Actions réalisées en 2011

 

  • Islari : Accompagnement et soutien du centre culturel (bibliothèque et foyer d’activités et de formation)
    Au printemps, le groupe d’initiative d’Islari a rénové une salle spacieuse qui se trouve sous le grenier de la maison. Elle servira comme salle de jeux ; on y organisera aussi des évènements culturels et des réunions élargies. Nous avons financé une partie des matériaux (peinture, plâtre, bois) et l’acquisition d’une table de ping-pong qui, depuis, a beaucoup de succès. En automne nous avons complété la bibliothèque et l’éventail des jeux (jeux de cartes, jeux de construction…) Un membre du groupe, ancien champion de la région, donnera des cours d’échecs.
    L’aménagement du verger a bien avancé. De nombreux arbres fruitiers ont été plantés, ainsi que divers légumes.
  • Islari et Kharagauli : réalisation d’un théâtre de marionnettes
    Le projet nous a été soumis en juin 2011 par une association de femmes à Kharagauli, petite ville proche d’Islari. L’association a créé un club pour les enfants démunis et handicapés. Elle désire écrire avec eux des scénarios pour un théâtre de marionnettes (marionnettes à gaine) et proposer des spectacles dans les villages des alentours où il n’existe aucune vie culturelle. Nous avons financé la confection des marionnettes ainsi que l’achat d’une remorque pour le transport du théâtre et de ses accessoires. La première présentation (d’un conte de fées) a eu lieu en décembre, en présence d’un membre de notre association et du maire de Kharagauli. Il nous a chaleureusement remerciés et a promis de payer l’essence pour les "tournées" dans la région.

    Photo : première représentation du théâtre de marionnettes à Kharagauli

  • L’école de Vertkvitchala : Pour améliorer la situation sanitaire, il a été décidé de réparer les WC situés à environ 80 m de l’école, d'y installer des éviers et de les raccorder au réseau d’eau.
  • Quatre villages de la Gourie (Amaghleba, Guturi, Gogolesubani, Nabeghlavi) : sensibilisation aux risques de pollution de l’eau potable.
    Dans ces villages il n’existe pas d’approvisionnement centralisé en eau potable et aucune surveillance de la part des autorités.
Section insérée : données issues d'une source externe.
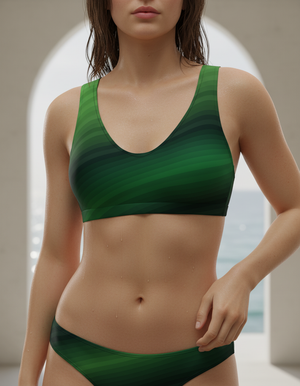 Sycamore Ripple Bikini Padded Bikini Top — Dripper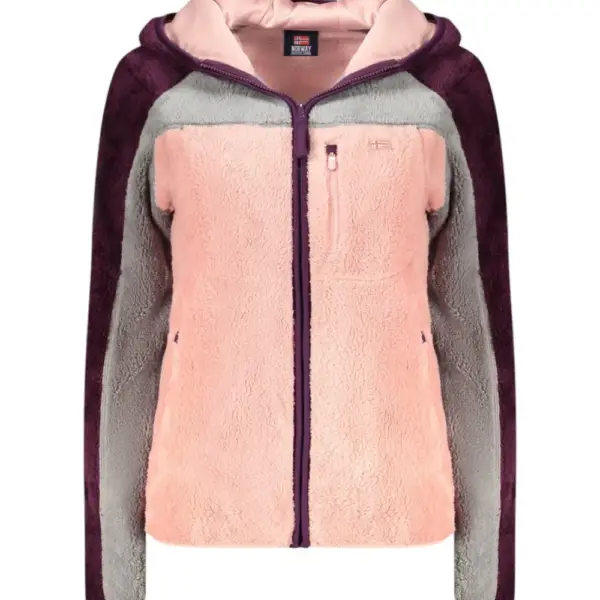 Norway Nautical School - Γυναικεία Ζακέτα Φούτερ Fleece 849904-ROSANTI Ροζ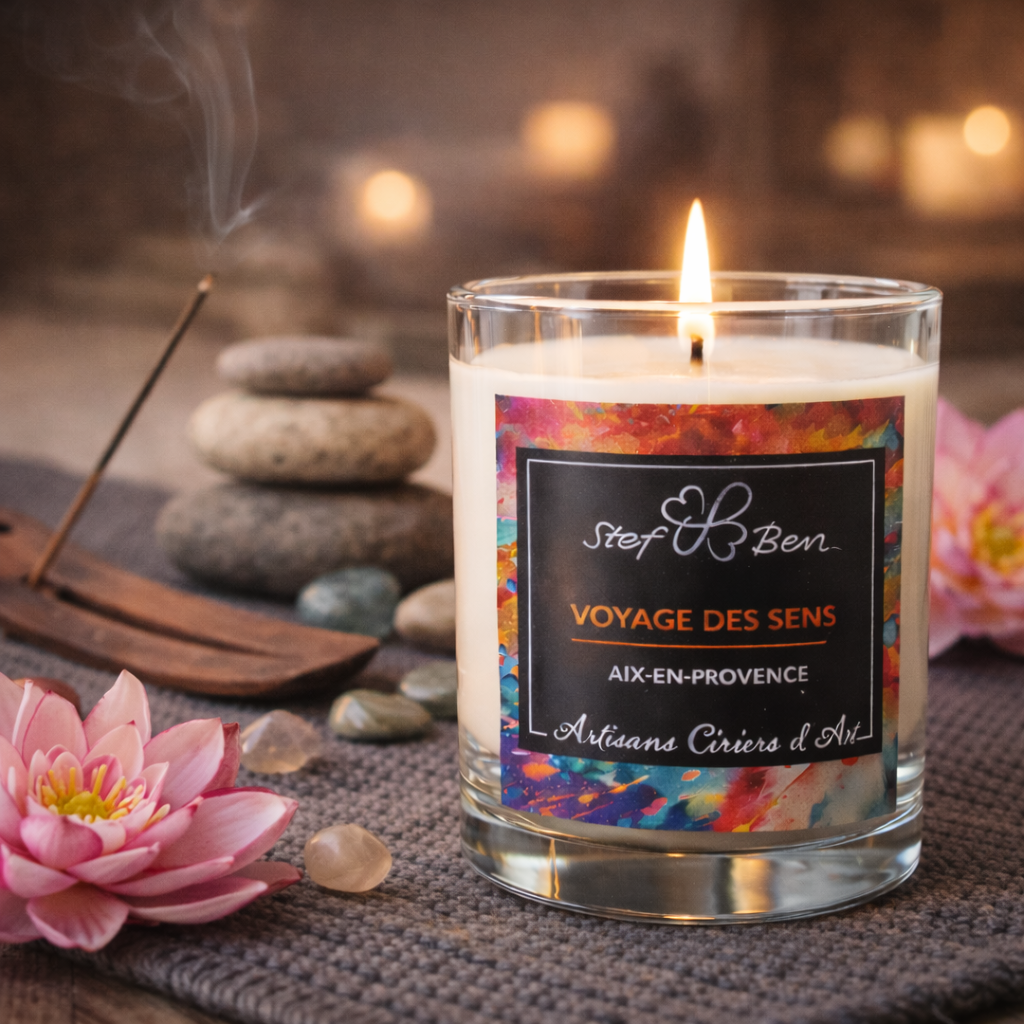 NAMASTÉ scented candle, hand-poured by art wax makers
Alertés par l’ONG WECF (Women in Europe for a Common Future) nous avons décidé de nous engager dans un projet de sensibilisation aux risques encourus par la consommation d’une eau contaminée, en finançant des "plans de salubrité de l’eau" (Water Safety Plan, WSP).
    Ce projet pédagogique a été mené dans les écoles de ces quatre villages, entre novembre 2010 et juin 2011, en coopération avec l’ONG locale "Momavlis Gzebi" et WECF qui a gratuitement assuré la formation des enseignants et des élèves mettant à leur disposition des matériaux pédagogiques ; ceux-ci s'appuient sur des recommandations de l’OMS. Expérimentés avec succès en Roumanie et dans deux projets-pilotes en Géorgie, les parcours éducatifs menés pendant toute l’année scolaire, permettent aux enfants de réaliser eux-mêmes certaines analyses de l’eau, d’interpréter celles des laboratoires, de prendre conscience des problèmes et de travailler sur des solutions possibles – des solutions qui, entre autres, concernent l’hygiène, la protection des sources et des puits, la gestion des déchets.
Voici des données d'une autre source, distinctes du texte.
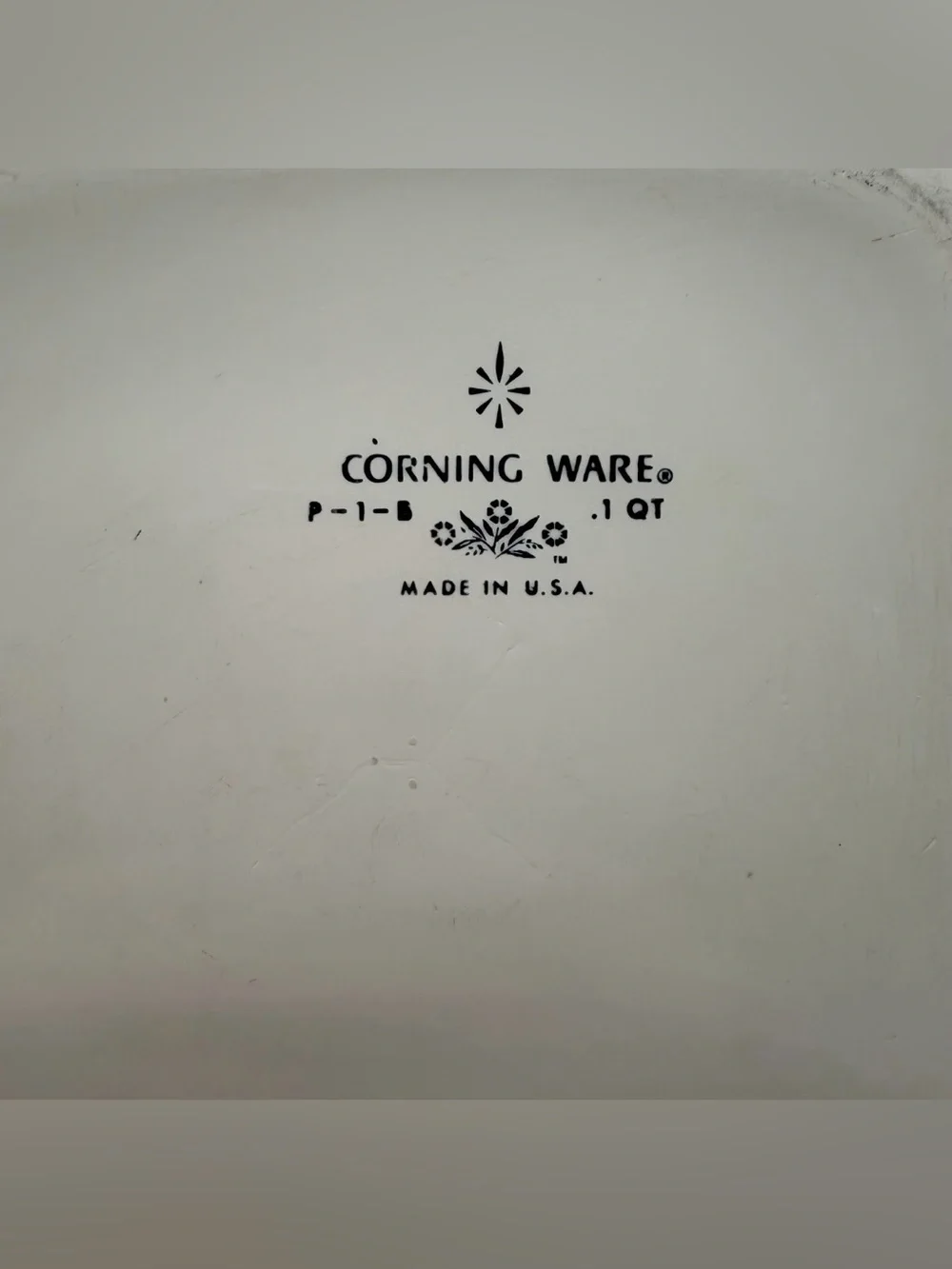 Vintage Corning Ware Blue 1 QT Cornflower P-1-B Baking Dish with Lid 9×7×3 USA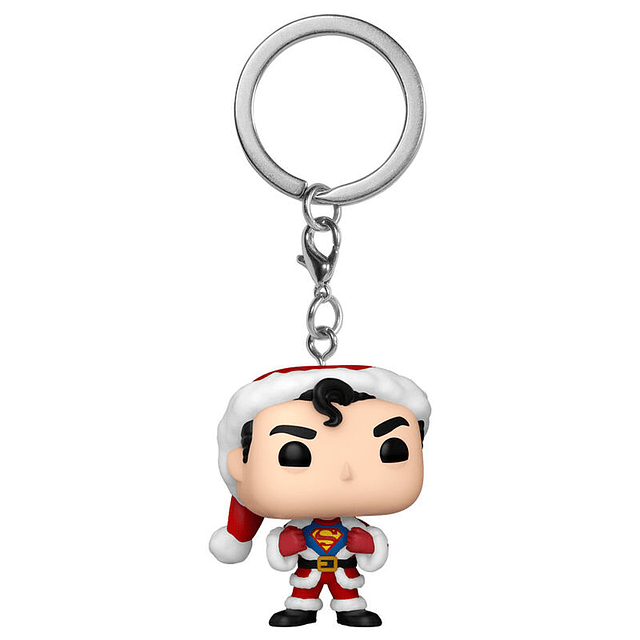 Pocket POP Keychain DC Comics Holiday Superman Exclusive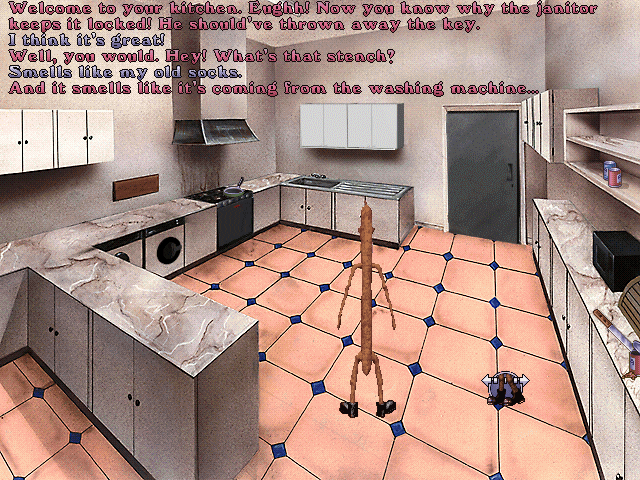 Animal (DOS) screenshot: Kitchen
    Photo : Lycéennes près d'un puits

    L’objectif de ce projet est évidemment aussi d’impliquer les autorités locales et régionales. Elles ont été invitées à des réunions publiques. Et en décembre 2011, Anna Samwel, Eto Jincharadze et Ina Ranson, respectivement responsables de WECF, de "Momavlis Gzebi", et de Momavali-France, ont eu un long entretien avec le maire de Chokhatauri, responsable du district. Nous lui avons montré les analyses qui présentent partout, notamment, une pollution bactériologique importante. Cette élue nous a promis de faire tout son possible pour trouver des solutions à ces problèmes, tout en regrettant le manque de moyens financiers.

    Photo : travail des élèves pour la salubrité de l'eau

  • Financement de la refondation d’un théâtre de marionnettes pour le district de Chokhatauri. La seule survivante d’une petite troupe jadis célèbre dans la région s’est engagée à rétablir le théâtre, avec les élèves et les enseignants de l’école d’Amaghleba.
  • Contribution à l’achat de manuels scolaires pour l’école de Nabeghlavi.